Reality check, with a question:

Do you find it more difficult than you’d thought it would be to get, and keep getting, work as a voice talent in 2015?

I’m not one to wax poetic about the past.  Change is, at best, exciting; at the very least, it’s inevitable. And certainly the voiceover business has changed drastically since I joined it over 25 years ago.

Too Many Voice Talents?

Too Many Voice Talents?

Back then, it was a fairly local, and more personal world. You trained until you knew you could deliver the performance, made a demo based on your suitability to the market, and started marketing your services to recording studios, advertising agencies and (possibly, eventually) casting directors and agents. Marketing, word of mouth and referrals were your golden keys to that first chance, and then you hoped to continue to get hired based on the awesome job you did (and keeping in gentle touch).

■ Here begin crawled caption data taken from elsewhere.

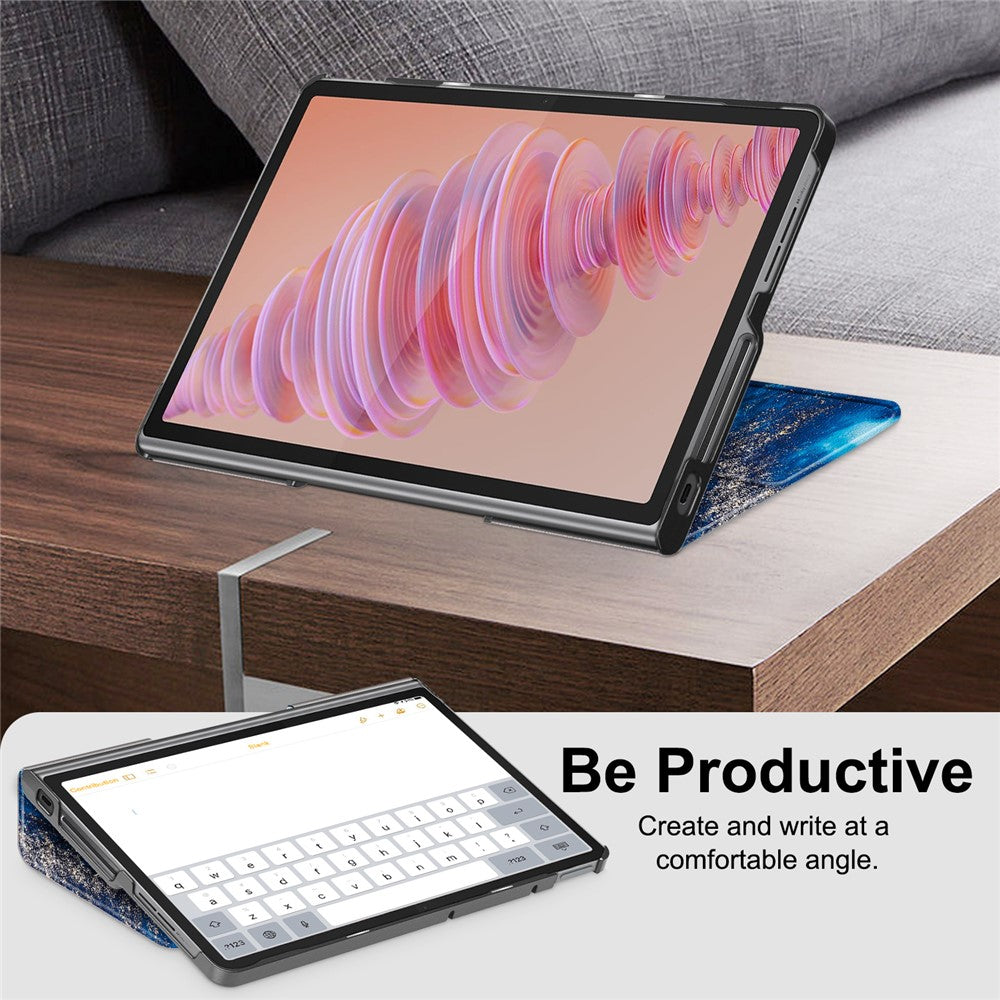 For Lenovo Tab Plus 11.5-inch TB351FU Case Pattern Tablet Leather Cover Hollow Heat Dissipation - Wave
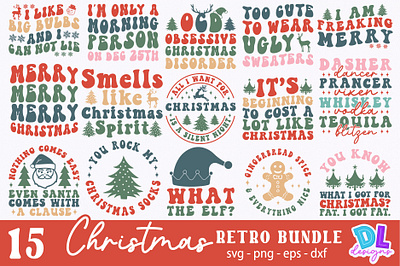Retro Christmas Bundle T Shirt bundle christmas design illustration logo retro sublimation svg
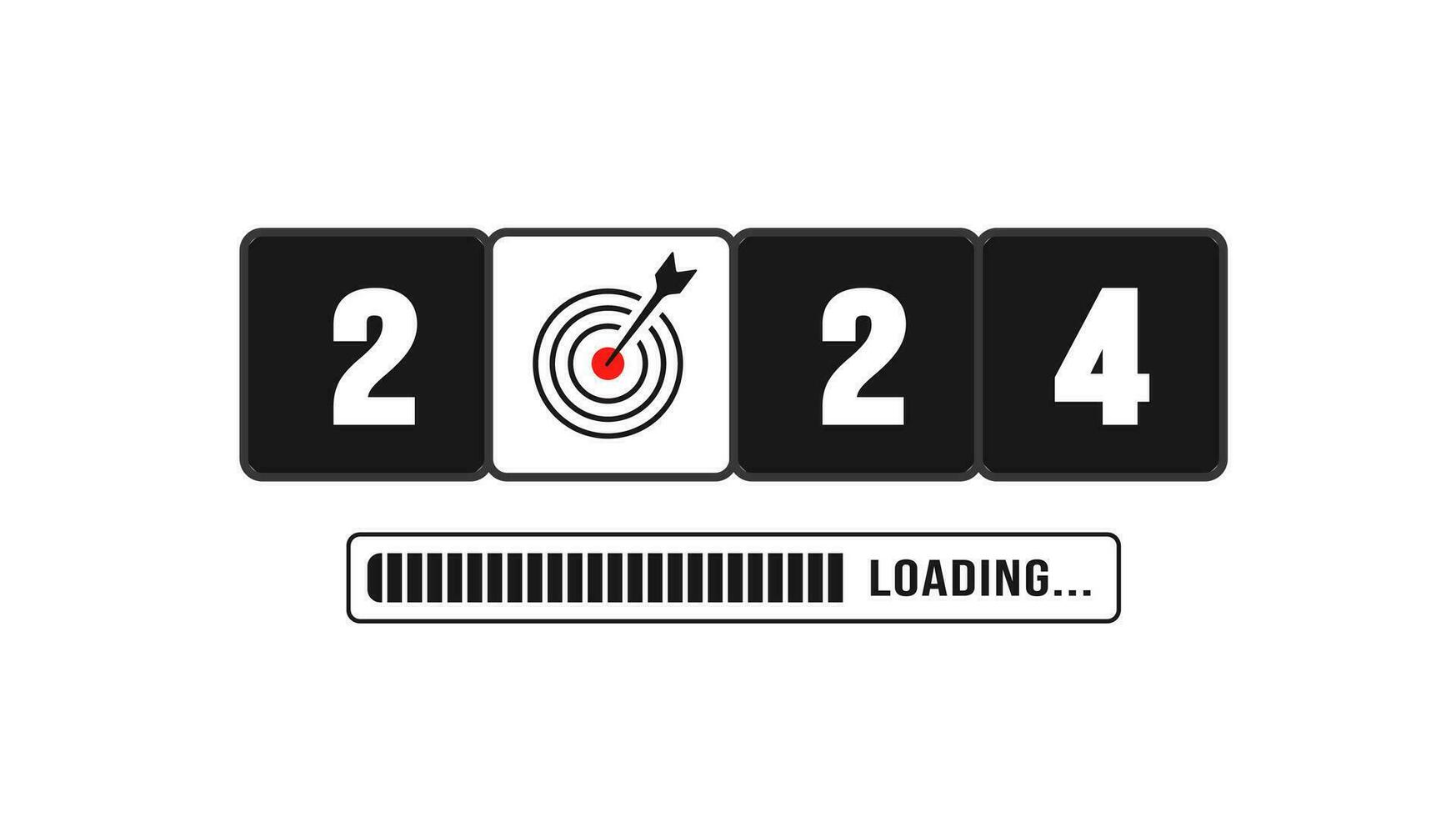 2024 goal sign loading bar progress digital technology black color background happy new year 2024 loading bar start goal plan and strategy 2023 to 2024 loading business web banner vector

So far, sounds pretty much the same, yes? Only, back then, your marketing was to your general geographical location, there were post offices and telephones involved, and most of the time you knew your clients more personally, often got to shake their hands in person.

And – fanfare for the truth – there was less competition. Once you were in that “stable” of voice talents a studio or agency could rely upon, the phone kept ringing. That’s how I built my business. And that part of the business still exists. Most of my work is from word of mouth and repeat clients. Believe me, it’s easier for the client re re-hire someone they trust than to go out and start a brand new search.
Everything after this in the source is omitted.